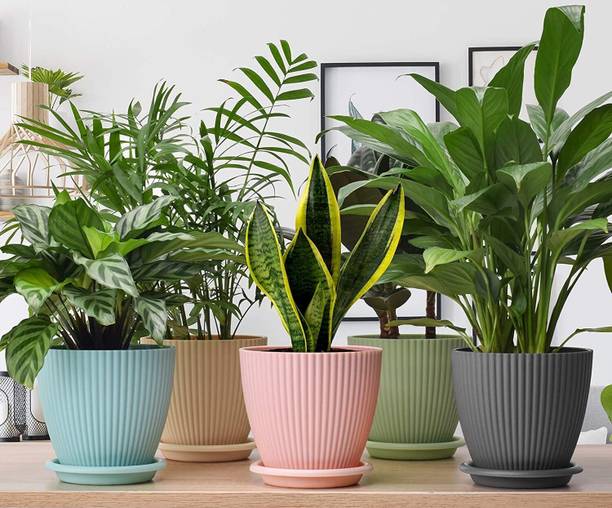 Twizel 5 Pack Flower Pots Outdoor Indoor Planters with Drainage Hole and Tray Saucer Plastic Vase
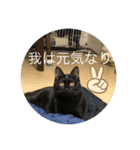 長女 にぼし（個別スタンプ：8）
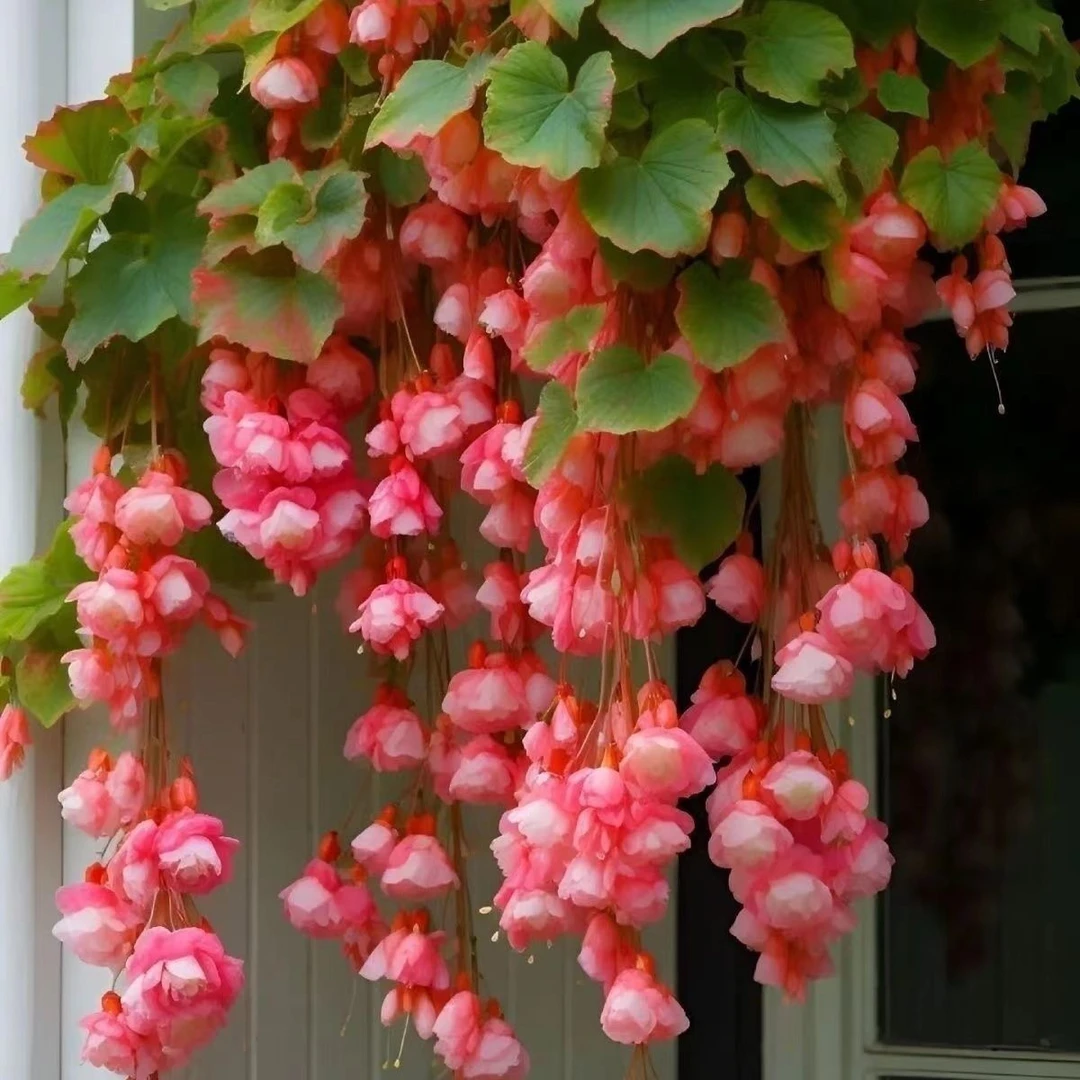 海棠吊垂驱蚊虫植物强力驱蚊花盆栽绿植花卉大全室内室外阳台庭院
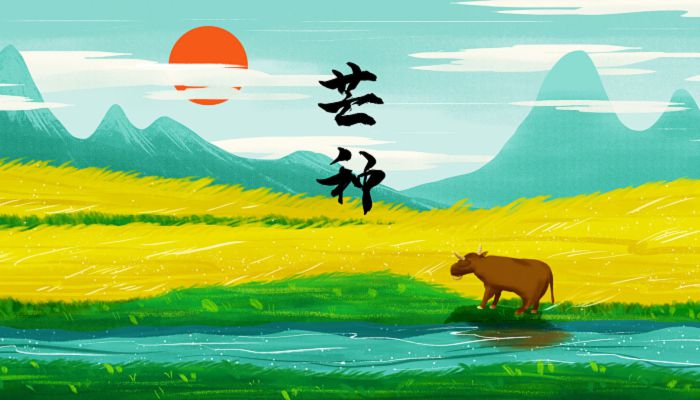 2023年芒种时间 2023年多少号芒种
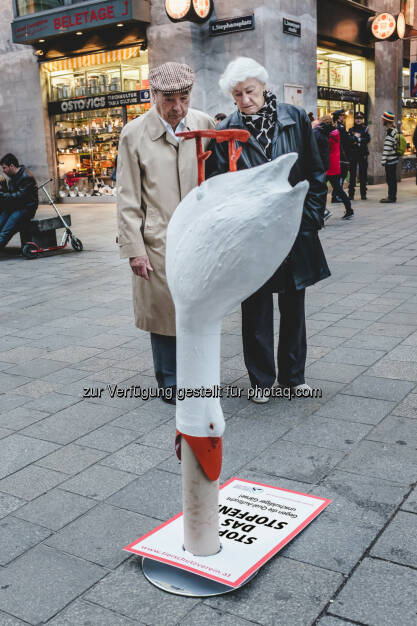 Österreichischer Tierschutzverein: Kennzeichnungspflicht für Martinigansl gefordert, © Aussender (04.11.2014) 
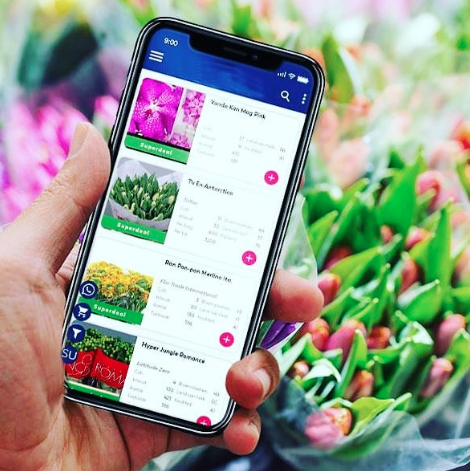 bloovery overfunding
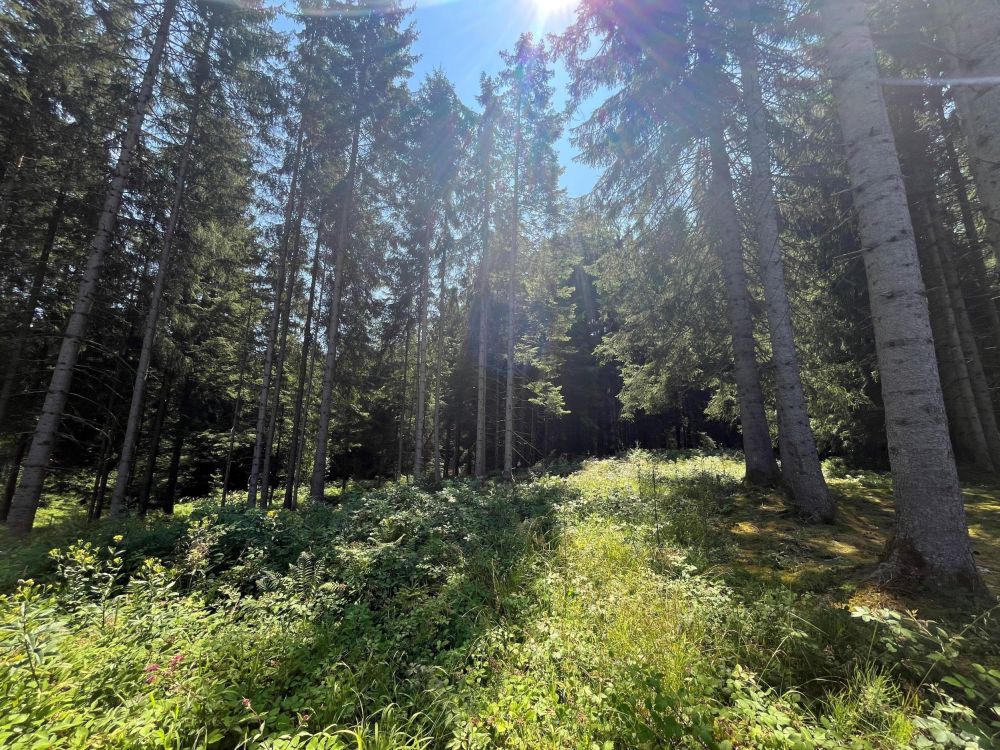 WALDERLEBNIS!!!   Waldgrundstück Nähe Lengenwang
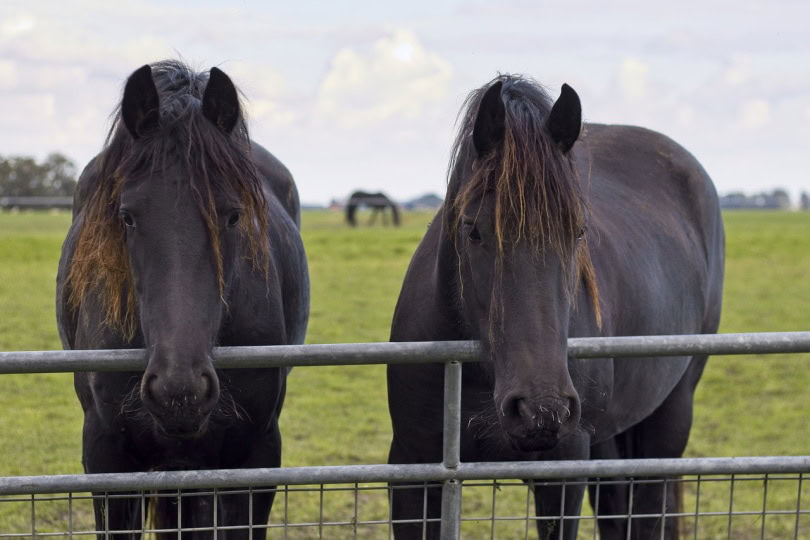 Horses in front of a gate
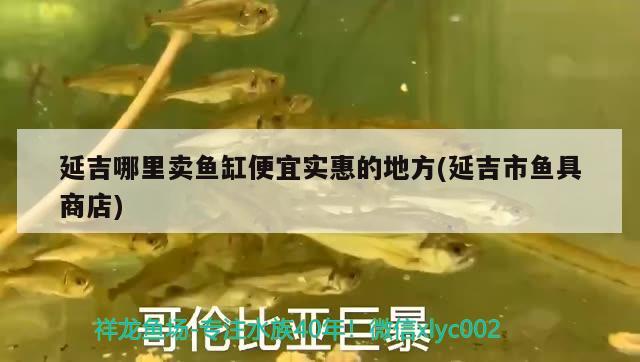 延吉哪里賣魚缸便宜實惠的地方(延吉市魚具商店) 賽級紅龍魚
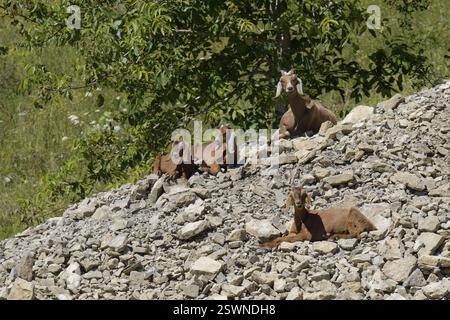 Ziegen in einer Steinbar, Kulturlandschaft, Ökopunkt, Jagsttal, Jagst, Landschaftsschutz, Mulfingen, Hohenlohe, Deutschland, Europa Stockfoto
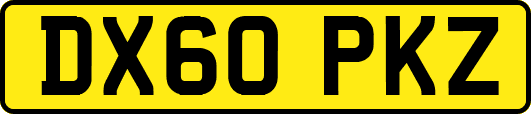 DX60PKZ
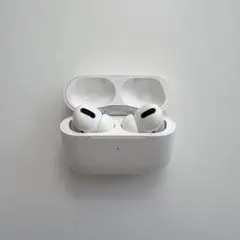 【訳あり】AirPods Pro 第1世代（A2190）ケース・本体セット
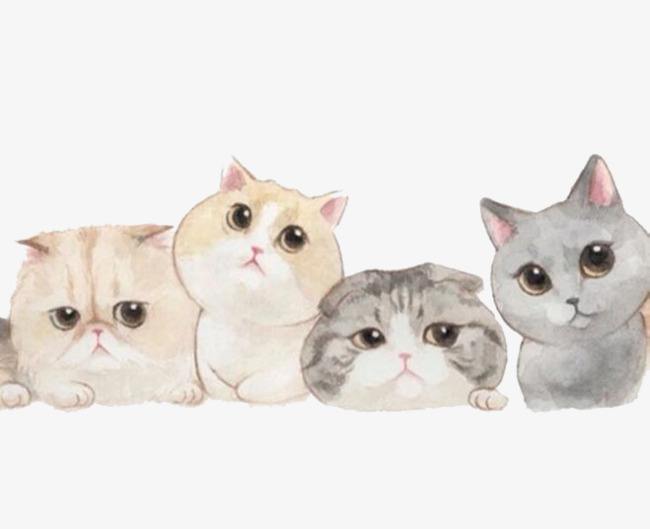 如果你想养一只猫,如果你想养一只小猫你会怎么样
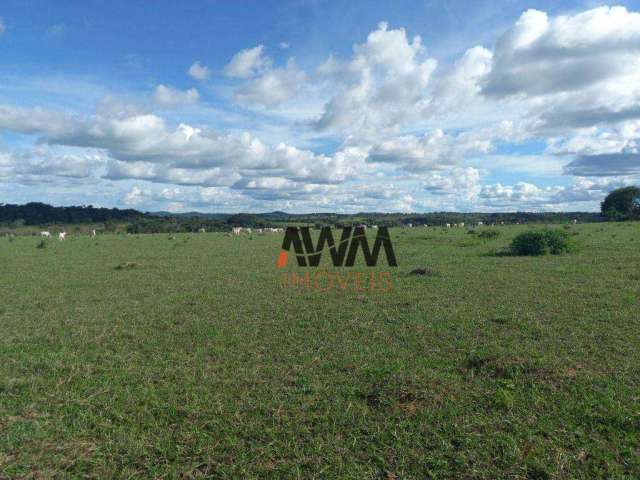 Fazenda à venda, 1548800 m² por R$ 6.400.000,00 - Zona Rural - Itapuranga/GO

Exercise directions >>
Starting at the first line of the material, output exactly the lines up to and including the one with "延吉哪里賣魚缸便宜實惠的地方(延吉市魚具商店) 賽級紅龍魚". Do not include the pictures.

Answer space >>
 Twizel 5 Pack Flower Pots Outdoor Indoor Planters with Drainage Hole and Tray Saucer Plastic Vase
 長女 にぼし（個別スタンプ：8）
 海棠吊垂驱蚊虫植物强力驱蚊花盆栽绿植花卉大全室内室外阳台庭院
 2023年芒种时间 2023年多少号芒种
 Österreichischer Tierschutzverein: Kennzeichnungspflicht für Martinigansl gefordert, © Aussender (04.11.2014) 
 bloovery overfunding
 WALDERLEBNIS!!!   Waldgrundstück Nähe Lengenwang
 Horses in front of a gate
 延吉哪里賣魚缸便宜實惠的地方(延吉市魚具商店) 賽級紅龍魚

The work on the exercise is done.